Light, sweet crude for January climbed 23 cents to $61.60 a barrel on the New York Mercantile Exchange.

In the Department of Energy's weekly petroleum stocks report Wednesday, crude inventories rose 900,000 barrels in the week ending Dec. 9 to 321.2 million barrels, 11.7 percent above year-ago levels and well above the upper end of the average range for December.

U.S. stocks of distillate fuels, which include heating oil and diesel, slipped 100,000 barrels to 130.5 million barrels. Distillate inventories remain 5.2 percent above year-ago levels.

A survey of analysts by Dow Jones Newswires had predicted crude oil stocks to fall by 790,000 barrels and distillate inventories to fall by 20,000 barrels.

Heating oil rose 2 cents to $1.8575 a gallon in morning trading, while gasoline rose a penny to $1.6560 a gallon.

U.S. gasoline stocks rose 1.8 million barrels to 204.4 million barrels, the Energy Department's report said.

Natural gas, which reached an all-time intraday high of $15.78 per million British thermal units on Tuesday, fell 65.8 cents to $14.72.

Supplies of distillate fuel, as well as natural-gas storage, have been under heavy scrutiny in recent weeks as many regions in the United States have seen temperatures well below the average for this time of year.

The report also said that refinery output slipped to 89.6 percent last week from 91 percent the previous week, which also spooked traders worried about heating oil supplies amid predictions of another major U.S. winter storm.

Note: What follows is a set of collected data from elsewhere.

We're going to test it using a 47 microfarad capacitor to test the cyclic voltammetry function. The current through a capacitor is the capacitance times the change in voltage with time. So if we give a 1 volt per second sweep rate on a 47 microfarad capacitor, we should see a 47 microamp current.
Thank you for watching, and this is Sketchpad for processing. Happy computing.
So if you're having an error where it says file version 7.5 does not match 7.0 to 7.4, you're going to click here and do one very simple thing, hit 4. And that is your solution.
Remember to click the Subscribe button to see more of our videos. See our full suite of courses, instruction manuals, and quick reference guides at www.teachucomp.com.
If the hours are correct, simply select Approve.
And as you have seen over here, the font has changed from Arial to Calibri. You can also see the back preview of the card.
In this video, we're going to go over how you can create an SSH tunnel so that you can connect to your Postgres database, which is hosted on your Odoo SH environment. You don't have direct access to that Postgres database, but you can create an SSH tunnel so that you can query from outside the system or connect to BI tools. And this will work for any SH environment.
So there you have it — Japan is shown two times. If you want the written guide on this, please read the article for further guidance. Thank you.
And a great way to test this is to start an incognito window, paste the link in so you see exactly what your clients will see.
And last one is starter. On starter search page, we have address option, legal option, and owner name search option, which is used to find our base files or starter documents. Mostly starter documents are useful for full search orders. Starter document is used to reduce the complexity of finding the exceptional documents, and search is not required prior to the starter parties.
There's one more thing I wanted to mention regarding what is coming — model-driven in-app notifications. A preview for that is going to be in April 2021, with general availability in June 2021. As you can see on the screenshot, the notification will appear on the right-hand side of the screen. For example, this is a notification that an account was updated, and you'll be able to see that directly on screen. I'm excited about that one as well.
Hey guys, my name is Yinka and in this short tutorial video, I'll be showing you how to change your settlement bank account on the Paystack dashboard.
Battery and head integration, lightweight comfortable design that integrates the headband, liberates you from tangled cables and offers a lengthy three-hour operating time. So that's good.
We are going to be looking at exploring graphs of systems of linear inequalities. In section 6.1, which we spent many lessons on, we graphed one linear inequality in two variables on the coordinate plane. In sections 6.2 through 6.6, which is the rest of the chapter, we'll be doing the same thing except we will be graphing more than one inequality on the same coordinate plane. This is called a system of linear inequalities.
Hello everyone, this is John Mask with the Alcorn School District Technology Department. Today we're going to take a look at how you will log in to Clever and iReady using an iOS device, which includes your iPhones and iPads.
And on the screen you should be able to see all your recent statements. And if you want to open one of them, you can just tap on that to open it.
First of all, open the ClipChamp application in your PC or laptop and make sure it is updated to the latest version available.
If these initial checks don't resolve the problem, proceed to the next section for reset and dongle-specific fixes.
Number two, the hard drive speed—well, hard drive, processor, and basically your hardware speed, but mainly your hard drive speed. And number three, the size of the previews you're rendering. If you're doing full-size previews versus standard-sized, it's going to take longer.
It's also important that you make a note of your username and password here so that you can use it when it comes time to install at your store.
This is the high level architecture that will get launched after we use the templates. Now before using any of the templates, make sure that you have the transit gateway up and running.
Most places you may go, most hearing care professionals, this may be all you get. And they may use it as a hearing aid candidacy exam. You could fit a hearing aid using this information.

On Wednesday, forecaster Accuweather Inc. said a pair of storms straddling the East Coast will cause the "second major winter weather scenario in less than a week."

One will bring at least 10 inches of snow in Michigan while another will move up the coast, Accuweather said.

"The most temperature-sensitive products are the gas and the heating oil and that's what's moving the market," said Chris Mennis from brokerage firm New Wave Energy in California.

Cold weather usually causes a rise in demand for heating-related oil products. The Northeast consumes up to 80 percent of total heating fuel used in the country.

On Tuesday, the Paris-based International Energy Agency forecast that world oil demand in 2006 would increase by 1.79 million barrels a day — a 2.2 percent increase on year.

The bulk of the increase is expected in the second half of the year, with the U.S. showing the sharpest increases, the IEA said.

According to the IEA's new medium-term projections, global oil demand is expected to grow 1.8 million to 2 million barrels daily a year through 2010 as China and India continue to expand.

With the world's appetite for crude on the increase, the global buffer of spare oil has rapidly reduced and is partly blamed for the crude price spikes that began last year.

Which has at least one forecast predicting a "super-spike" in prices.

"Resilient energy demand, lackluster supply growth, and nonexistent spare capacity continue to underpin our view that we are in the early stages of a multiyear 'super spike' phase," said Goldman Sachs in its latest energy review.

This year could be the first year of that phase, Goldman Sachs said, which could last five years.